WORK TASK ▸
Exactly as written, transcribe each record below.

MATERIAL PROVIDED ▸
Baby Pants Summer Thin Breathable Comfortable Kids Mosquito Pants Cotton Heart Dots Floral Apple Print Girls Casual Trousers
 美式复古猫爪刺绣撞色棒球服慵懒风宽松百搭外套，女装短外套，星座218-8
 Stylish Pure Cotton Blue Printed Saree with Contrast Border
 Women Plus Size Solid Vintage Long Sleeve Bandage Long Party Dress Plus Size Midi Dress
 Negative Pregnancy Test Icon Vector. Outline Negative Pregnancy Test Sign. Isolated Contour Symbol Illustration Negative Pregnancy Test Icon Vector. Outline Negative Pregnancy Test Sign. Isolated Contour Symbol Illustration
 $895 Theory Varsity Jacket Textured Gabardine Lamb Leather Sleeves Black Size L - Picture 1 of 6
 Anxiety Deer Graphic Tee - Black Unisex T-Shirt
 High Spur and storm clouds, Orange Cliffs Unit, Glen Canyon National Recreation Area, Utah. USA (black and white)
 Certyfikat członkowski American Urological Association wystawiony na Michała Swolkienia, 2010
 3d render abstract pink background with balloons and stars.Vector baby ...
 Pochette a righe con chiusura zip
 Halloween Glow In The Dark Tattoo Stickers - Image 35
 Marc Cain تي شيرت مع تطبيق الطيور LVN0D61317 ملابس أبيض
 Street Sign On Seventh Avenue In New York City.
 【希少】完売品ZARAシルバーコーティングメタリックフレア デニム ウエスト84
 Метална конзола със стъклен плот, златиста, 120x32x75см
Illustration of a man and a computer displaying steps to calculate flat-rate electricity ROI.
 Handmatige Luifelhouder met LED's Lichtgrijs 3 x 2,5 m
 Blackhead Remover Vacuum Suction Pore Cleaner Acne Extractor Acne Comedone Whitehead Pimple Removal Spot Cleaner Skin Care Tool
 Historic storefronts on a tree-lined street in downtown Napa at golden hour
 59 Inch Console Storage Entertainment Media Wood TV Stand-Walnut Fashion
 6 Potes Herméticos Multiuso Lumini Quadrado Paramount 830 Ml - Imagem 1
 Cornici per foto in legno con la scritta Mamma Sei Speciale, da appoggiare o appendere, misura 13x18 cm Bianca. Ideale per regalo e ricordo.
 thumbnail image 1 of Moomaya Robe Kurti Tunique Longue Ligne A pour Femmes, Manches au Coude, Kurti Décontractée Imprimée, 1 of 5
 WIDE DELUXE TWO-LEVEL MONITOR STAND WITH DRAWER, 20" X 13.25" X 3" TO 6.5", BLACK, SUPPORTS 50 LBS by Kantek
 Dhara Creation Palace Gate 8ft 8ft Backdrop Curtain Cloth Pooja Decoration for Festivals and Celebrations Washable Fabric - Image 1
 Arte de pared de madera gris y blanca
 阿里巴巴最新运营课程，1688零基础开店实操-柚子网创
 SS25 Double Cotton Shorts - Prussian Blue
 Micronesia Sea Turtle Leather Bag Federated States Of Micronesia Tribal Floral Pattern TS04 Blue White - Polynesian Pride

RESULT OF THE TASK ▸
Baby Pants Summer Thin Breathable Comfortable Kids Mosquito Pants Cotton Heart Dots Floral Apple Print Girls Casual Trousers
 美式复古猫爪刺绣撞色棒球服慵懒风宽松百搭外套，女装短外套，星座218-8
 Stylish Pure Cotton Blue Printed Saree with Contrast Border
 Women Plus Size Solid Vintage Long Sleeve Bandage Long Party Dress Plus Size Midi Dress
 Negative Pregnancy Test Icon Vector. Outline Negative Pregnancy Test Sign. Isolated Contour Symbol Illustration Negative Pregnancy Test Icon Vector. Outline Negative Pregnancy Test Sign. Isolated Contour Symbol Illustration
 $895 Theory Varsity Jacket Textured Gabardine Lamb Leather Sleeves Black Size L - Picture 1 of 6
 Anxiety Deer Graphic Tee - Black Unisex T-Shirt
 High Spur and storm clouds, Orange Cliffs Unit, Glen Canyon National Recreation Area, Utah. USA (black and white)
 Certyfikat członkowski American Urological Association wystawiony na Michała Swolkienia, 2010
 3d render abstract pink background with balloons and stars.Vector baby ...
 Pochette a righe con chiusura zip
 Halloween Glow In The Dark Tattoo Stickers - Image 35
 Marc Cain تي شيرت مع تطبيق الطيور LVN0D61317 ملابس أبيض
 Street Sign On Seventh Avenue In New York City.
 【希少】完売品ZARAシルバーコーティングメタリックフレア デニム ウエスト84
 Метална конзола със стъклен плот, златиста, 120x32x75см
Illustration of a man and a computer displaying steps to calculate flat-rate electricity ROI.
 Handmatige Luifelhouder met LED's Lichtgrijs 3 x 2,5 m
 Blackhead Remover Vacuum Suction Pore Cleaner Acne Extractor Acne Comedone Whitehead Pimple Removal Spot Cleaner Skin Care Tool
 Historic storefronts on a tree-lined street in downtown Napa at golden hour
 59 Inch Console Storage Entertainment Media Wood TV Stand-Walnut Fashion
 6 Potes Herméticos Multiuso Lumini Quadrado Paramount 830 Ml - Imagem 1
 Cornici per foto in legno con la scritta Mamma Sei Speciale, da appoggiare o appendere, misura 13x18 cm Bianca. Ideale per regalo e ricordo.
 thumbnail image 1 of Moomaya Robe Kurti Tunique Longue Ligne A pour Femmes, Manches au Coude, Kurti Décontractée Imprimée, 1 of 5
 WIDE DELUXE TWO-LEVEL MONITOR STAND WITH DRAWER, 20" X 13.25" X 3" TO 6.5", BLACK, SUPPORTS 50 LBS by Kantek
 Dhara Creation Palace Gate 8ft 8ft Backdrop Curtain Cloth Pooja Decoration for Festivals and Celebrations Washable Fabric - Image 1
 Arte de pared de madera gris y blanca
 阿里巴巴最新运营课程，1688零基础开店实操-柚子网创
 SS25 Double Cotton Shorts - Prussian Blue
 Micronesia Sea Turtle Leather Bag Federated States Of Micronesia Tribal Floral Pattern TS04 Blue White - Polynesian Pride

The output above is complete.